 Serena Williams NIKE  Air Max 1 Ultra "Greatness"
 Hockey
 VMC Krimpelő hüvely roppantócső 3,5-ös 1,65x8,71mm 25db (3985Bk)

○ ○ ○ ○

Action item | For this task, retype the material exactly, line for line.

Your solution |
 Serena Williams NIKE  Air Max 1 Ultra "Greatness"
 Hockey
 VMC Krimpelő hüvely roppantócső 3,5-ös 1,65x8,71mm 25db (3985Bk)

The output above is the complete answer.